* Your assignment *
Skip any image you find and restate the rest of the data word for word.

━━ Exercise material

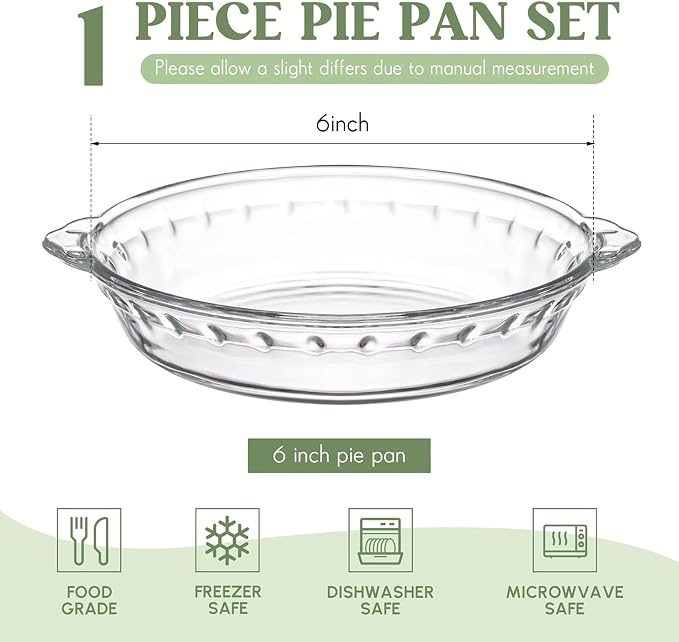 Uiifan 1 Pack 6 Inches Mini Glass Pie Pan for Baking 11.6 oz Clear Pie Plate with Handles Round Glass Dish for Baking and Serving, Snacks, Salads, Desserts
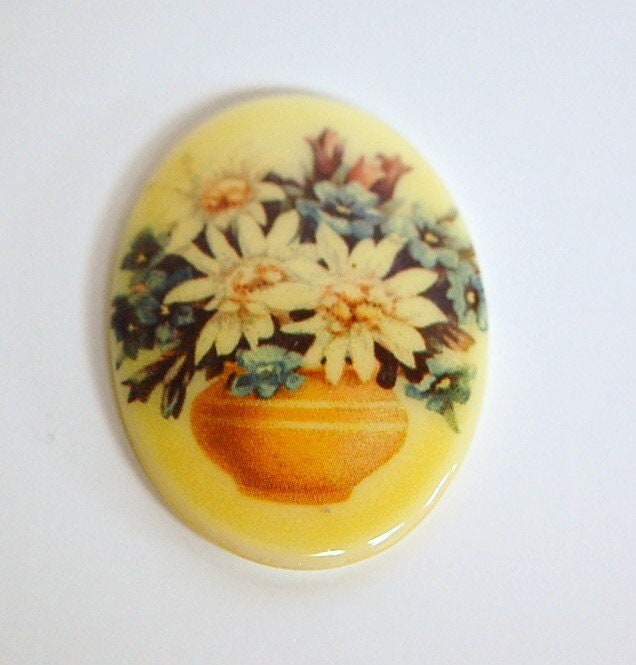 Vintage Glass Cabochon Bowl of Flowers 40x30mm cab680D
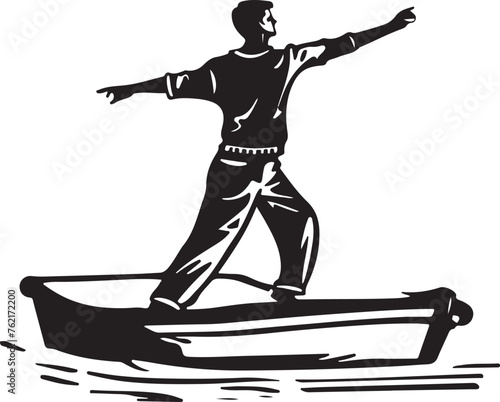 dancing on Pontoon boat silhouette vector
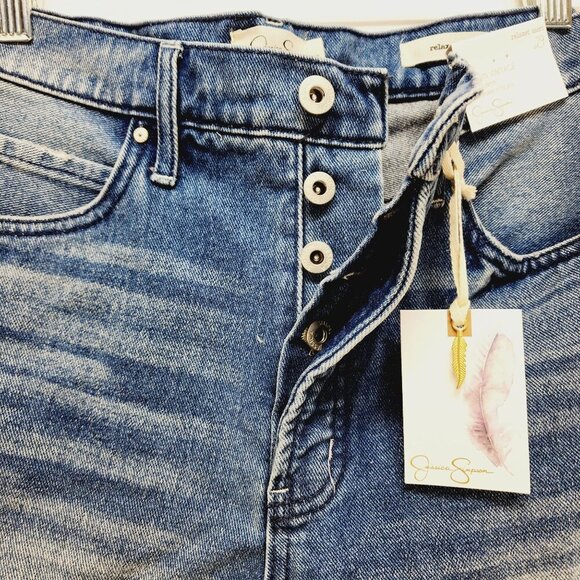 Jessica Simpson Womens Relaxed Short Distressed Denim Jeans Size 29 - Picture 8 of 10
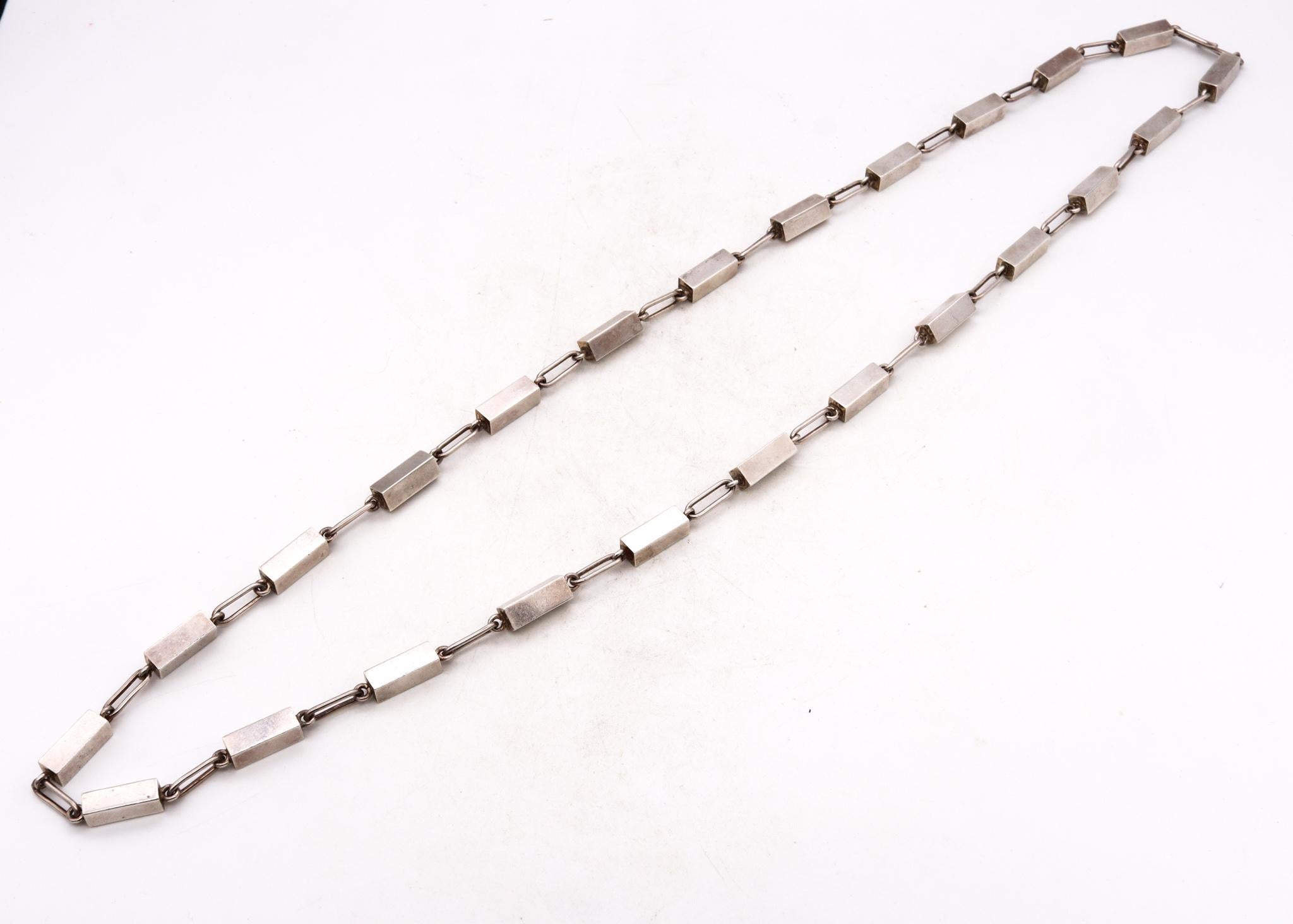 Arne Johansen Geometrische kühne Sautoir-Kette aus 925 Sterlingsilber, Dänemark 1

━━━━

* Solution to this exercise *
 Uiifan 1 Pack 6 Inches Mini Glass Pie Pan for Baking 11.6 oz Clear Pie Plate with Handles Round Glass Dish for Baking and Serving, Snacks, Salads, Desserts
 Vintage Glass Cabochon Bowl of Flowers 40x30mm cab680D
 dancing on Pontoon boat silhouette vector
 Jessica Simpson Womens Relaxed Short Distressed Denim Jeans Size 29 - Picture 8 of 10
 Arne Johansen Geometrische kühne Sautoir-Kette aus 925 Sterlingsilber, Dänemark 1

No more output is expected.